Collateral vessels are a secondary sign that is also indicative of subacute to chronic occlusion (Fig. 24-25). Over time, the thrombus will reorganize. Recanalization occurs from the center of the thrombus out to the periphery, and flow will initially be re-established through the center of the thrombus. With organization, the remaining thrombus is adherent to the periphery of the vessel wall. Chronically thrombosed veins will not change caliber with a physiologic maneuver such as a Valsalva maneuver.
US examinations can suggest the age of the thrombus based on its echogenicity and location within the lumen. An increase in echogenicity is expected as organization of the venous thrombus occurs, although this can vary among patients (70). US elastography has been proposed as a valuable tool to stage venous thrombi based on the fact that thrombus elasticity decreases with age due to the organization process (71).
With CT, venous thrombosis is diagnosed when a complete, partial, or juxtamural filling defect representing a clot is seen in an opacified vein. Indirect signs can include perivenous soft tissue infiltration suggestive of edema and dense mural enhancement (72). The accuracy of CT in distinguishing between acute and chronic thrombus is not known. Acute thrombus can be identified on a noncontrast CT as a hyperdense mass within the lumen of a vein. Chronic thrombus may be calcified; other features include clot recanalization, small unopacified retracted veins, and multiple venous collaterals (73).

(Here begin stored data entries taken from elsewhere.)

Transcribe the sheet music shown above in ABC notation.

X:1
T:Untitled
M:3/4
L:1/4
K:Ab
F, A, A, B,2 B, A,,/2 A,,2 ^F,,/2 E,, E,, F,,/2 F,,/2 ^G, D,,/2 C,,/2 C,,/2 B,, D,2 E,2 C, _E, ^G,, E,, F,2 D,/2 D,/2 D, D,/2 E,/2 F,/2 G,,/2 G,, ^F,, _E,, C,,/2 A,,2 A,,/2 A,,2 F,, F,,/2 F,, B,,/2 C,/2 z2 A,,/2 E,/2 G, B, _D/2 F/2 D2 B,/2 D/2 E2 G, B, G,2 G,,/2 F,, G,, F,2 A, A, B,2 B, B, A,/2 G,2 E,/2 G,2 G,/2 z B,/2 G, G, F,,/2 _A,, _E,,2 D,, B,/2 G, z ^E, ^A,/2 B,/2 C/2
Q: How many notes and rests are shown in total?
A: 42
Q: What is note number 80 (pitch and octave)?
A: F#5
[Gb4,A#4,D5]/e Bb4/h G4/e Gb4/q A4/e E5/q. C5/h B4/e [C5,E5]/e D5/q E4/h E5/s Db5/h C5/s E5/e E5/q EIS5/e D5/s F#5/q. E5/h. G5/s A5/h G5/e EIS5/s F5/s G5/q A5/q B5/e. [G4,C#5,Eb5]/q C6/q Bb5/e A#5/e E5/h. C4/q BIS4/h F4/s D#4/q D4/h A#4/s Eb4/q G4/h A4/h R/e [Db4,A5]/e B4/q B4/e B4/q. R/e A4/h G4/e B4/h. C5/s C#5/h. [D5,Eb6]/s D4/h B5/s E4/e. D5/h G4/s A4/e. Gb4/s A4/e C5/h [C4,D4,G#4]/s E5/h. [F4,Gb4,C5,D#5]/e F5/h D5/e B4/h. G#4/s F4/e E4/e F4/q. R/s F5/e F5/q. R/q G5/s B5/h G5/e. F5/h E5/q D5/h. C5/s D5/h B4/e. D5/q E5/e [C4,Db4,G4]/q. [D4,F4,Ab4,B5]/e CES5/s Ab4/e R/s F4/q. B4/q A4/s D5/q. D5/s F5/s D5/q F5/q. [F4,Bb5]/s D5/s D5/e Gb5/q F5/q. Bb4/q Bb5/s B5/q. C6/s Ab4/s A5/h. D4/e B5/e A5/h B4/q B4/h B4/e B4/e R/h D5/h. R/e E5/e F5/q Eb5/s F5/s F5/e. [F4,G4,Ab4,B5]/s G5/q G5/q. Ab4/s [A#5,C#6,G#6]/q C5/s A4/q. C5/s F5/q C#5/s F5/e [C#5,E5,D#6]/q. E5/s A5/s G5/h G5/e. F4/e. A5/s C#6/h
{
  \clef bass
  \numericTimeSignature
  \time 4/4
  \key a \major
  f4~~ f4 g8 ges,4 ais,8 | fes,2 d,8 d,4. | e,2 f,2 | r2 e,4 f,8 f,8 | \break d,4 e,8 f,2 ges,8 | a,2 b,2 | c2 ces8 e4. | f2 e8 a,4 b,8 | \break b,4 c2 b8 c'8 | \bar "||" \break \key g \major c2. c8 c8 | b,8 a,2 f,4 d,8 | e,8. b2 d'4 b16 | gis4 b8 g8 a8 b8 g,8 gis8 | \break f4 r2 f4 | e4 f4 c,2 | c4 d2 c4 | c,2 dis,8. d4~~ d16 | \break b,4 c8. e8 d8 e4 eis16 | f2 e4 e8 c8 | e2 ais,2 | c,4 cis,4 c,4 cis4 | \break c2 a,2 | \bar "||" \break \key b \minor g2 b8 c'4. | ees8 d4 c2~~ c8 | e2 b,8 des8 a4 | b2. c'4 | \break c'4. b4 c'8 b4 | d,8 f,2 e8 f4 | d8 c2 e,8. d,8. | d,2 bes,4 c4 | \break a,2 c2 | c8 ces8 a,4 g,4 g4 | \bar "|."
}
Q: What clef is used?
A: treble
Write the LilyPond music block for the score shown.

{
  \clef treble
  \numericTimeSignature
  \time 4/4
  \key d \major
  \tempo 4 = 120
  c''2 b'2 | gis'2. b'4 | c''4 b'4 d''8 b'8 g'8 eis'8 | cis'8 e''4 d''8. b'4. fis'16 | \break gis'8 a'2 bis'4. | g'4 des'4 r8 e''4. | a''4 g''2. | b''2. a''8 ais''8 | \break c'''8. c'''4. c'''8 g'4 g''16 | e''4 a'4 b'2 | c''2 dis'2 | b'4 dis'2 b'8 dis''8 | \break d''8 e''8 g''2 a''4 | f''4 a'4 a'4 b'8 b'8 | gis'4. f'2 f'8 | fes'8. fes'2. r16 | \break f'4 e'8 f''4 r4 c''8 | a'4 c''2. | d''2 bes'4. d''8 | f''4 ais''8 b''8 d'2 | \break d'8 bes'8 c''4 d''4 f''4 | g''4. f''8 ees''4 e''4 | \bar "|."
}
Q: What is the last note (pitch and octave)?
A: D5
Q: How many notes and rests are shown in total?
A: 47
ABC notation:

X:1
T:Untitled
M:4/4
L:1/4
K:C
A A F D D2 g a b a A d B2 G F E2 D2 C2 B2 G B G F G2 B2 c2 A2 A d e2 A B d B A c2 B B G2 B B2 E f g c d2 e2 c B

MR imaging can provide valuable information regarding the age of the venous thrombus, but appearances can vary with the imaging strategy.
The MR appearance of arterial thrombus relative to its age has been described in a swine model (36). The signal characteristics of arterial thrombi as well as the changes detected over time are associated with different oxygenation states of the hemoglobin, changes in intracellular and matrix content of proteins, and the hydration of the cellular components (36).
Oxyhemoglobin, a diamagnetic compound present within acute thrombus (a few hours after induction), does not cause shortening of the T1 or T2 relaxation times. This may explain the intermediate signal intensity on T1 and increased signal intensity on T2 of acute thrombus (36).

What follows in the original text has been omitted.